Pyracantha, comunemente conosciuta come agazzino.
Pyracantha. Mai sentita prima. Scorse velocemente le pagine fino a trovare quella desiderata, sulla quale alcune note a matita gli rivelarono l’origine greca di quel nome: “pyr” stava a significare “fuoco” ed “anthos” “fiore”[1].
Si chiese perplesso il perché di quella scelta fino a quando non lesse che erano i piccoli frutti autunnali ad avere il colore del fuoco. Quei fiorellini a stella, modesti dal profumo inebriante, non avevano niente a che fare con quella forza distruttrice: sembravano fiori da matrimonio.
Erano perfetti, anche il loro significato era “non badare alle apparenze”.
Si diresse al bancone preparandosi psicologicamente ad estenuanti lotte per portare via da quell’ arbusto disordinato dalle piccole foglie coriacee uno solo dei suoi rametti in fiore, invece la stessa gentile signorina che gli aveva prestato il suo libro gliene consegnò uno bello verdeggiante senza battere ciglio. “Per stavolta farò un’eccezione.” gli aveva sussurrato complice strizzando l’occhio.
Dopo aver pagato rametto ed un bigliettino su cui aveva frettolosamente ricopiato parole premeditate ed aver constatato con un certo sollievo che il sole era tronato a splendere, uscì dal negozio sentendosi un paggetto e si diresse a cuor leggero verso il solito muretto, i passi che sembravano voler fargli spiccare il volo.
 
“Bastano questi fiori a recarti il mio messaggio.
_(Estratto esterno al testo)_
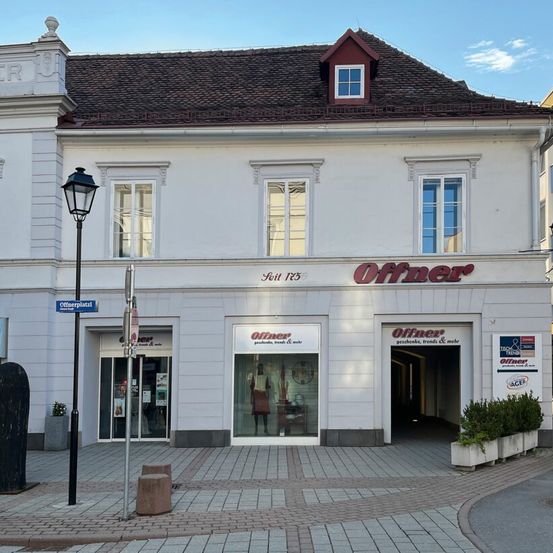 Ein weißes Gebäude mit braunem Dach und rotem Rand hat ein Schild mit der Aufschrift 'Offner'. Das Gebäude hat mehrere Fenster und eine Glastür mit einer Puppe im Inneren. Eine Straßenlampe und ein Schild mit der Aufschrift 'Offnerplatz' befinden sich auf der linken Seite.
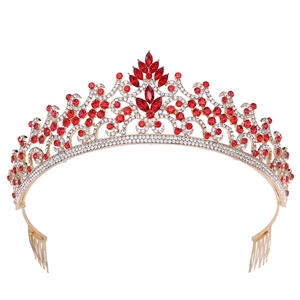 Detailed macro view of baroque gold crown with red rhinestones and side combs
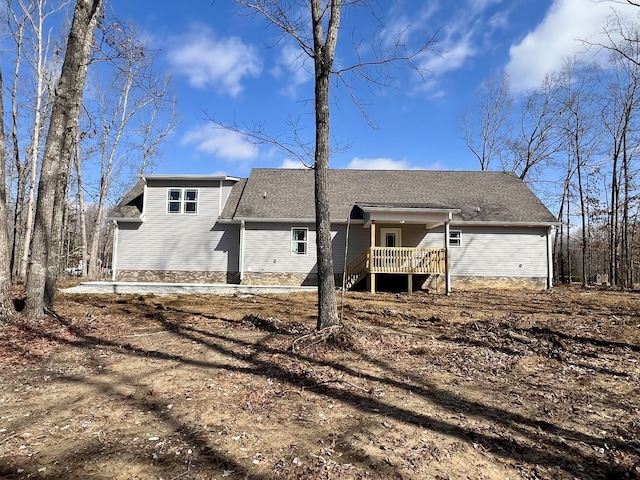 rear view of property with covered porch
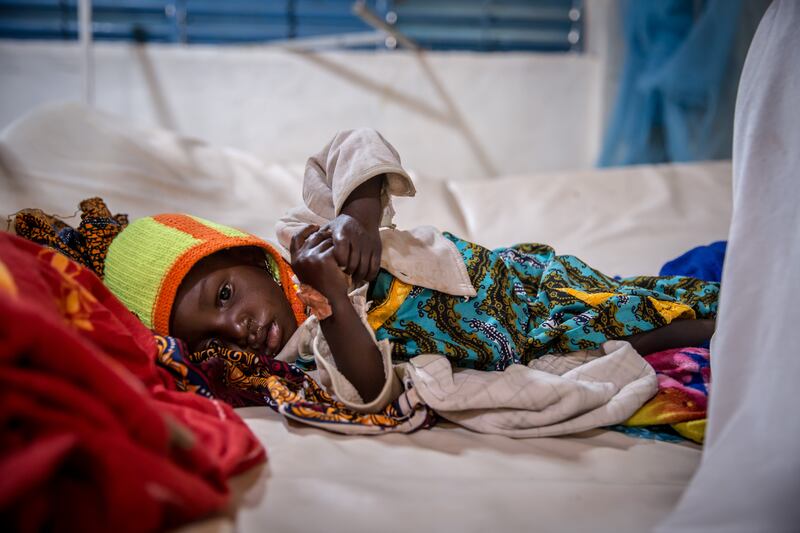 A child is treated for malnutrition in the intensive care room of a hospital stabilisation centre in Aguié. Photograph: Sally Hayden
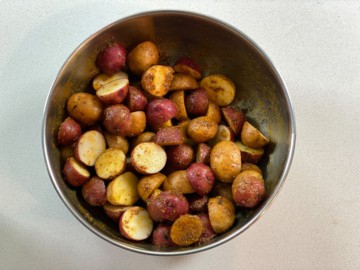 Potatoes stuff tossed with oil and seasonings.
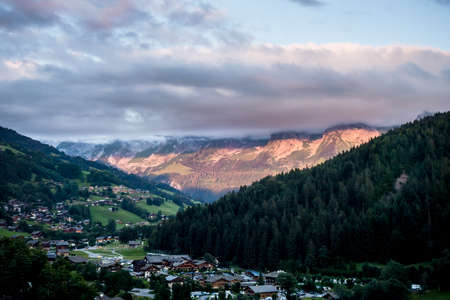 Sunset on The Grand-Bornand village and the Aravis mountain range, Franceの写真素材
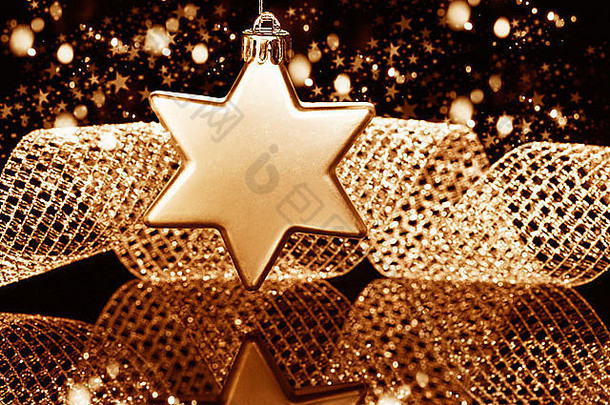 圣诞节球明星形状前面金属丝带闪闪发光的金黑色的背景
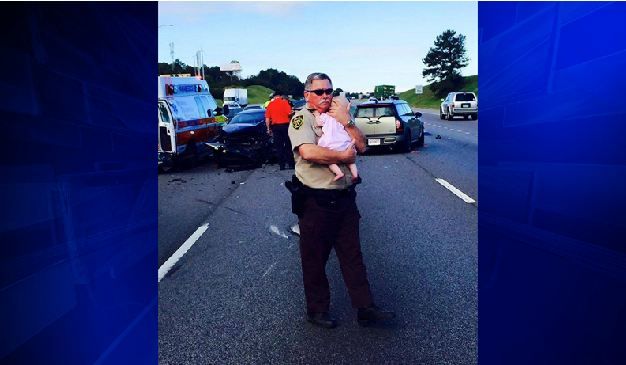 Deputy comforts baby at the scene of Alabama crash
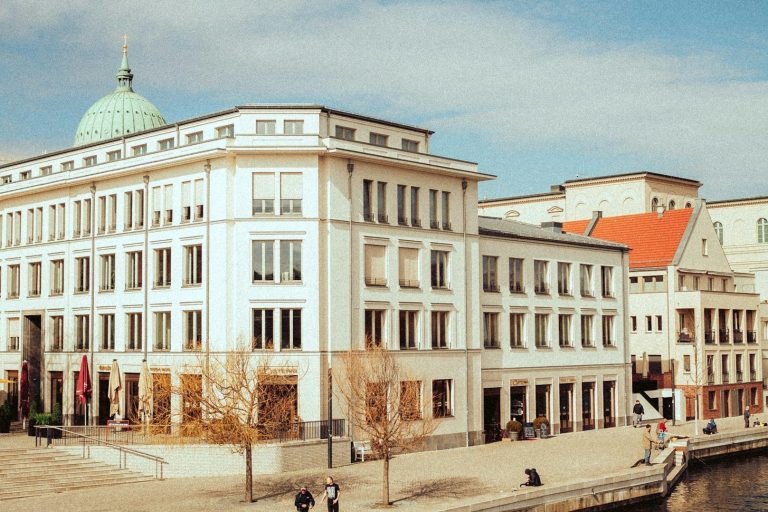 Moderne Gebäudefassade in Potsdam in hellen Farben mit einem grünen Kuppeldach und umgebenden Bäumen.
Puoi muovere anche tu qualche passo avanti in mio favore?
Ti prego, dimmi di sì.
In due il cammino sarà meno difficoltoso.
-T
(dato che ora sai chi sono)”
 







[1]: Ho volutamente traslitterato le lettere greche in alfabeto latino in modo da facilitare la comprensione di queste parole. Classicisti… non odiatemi, vi prego!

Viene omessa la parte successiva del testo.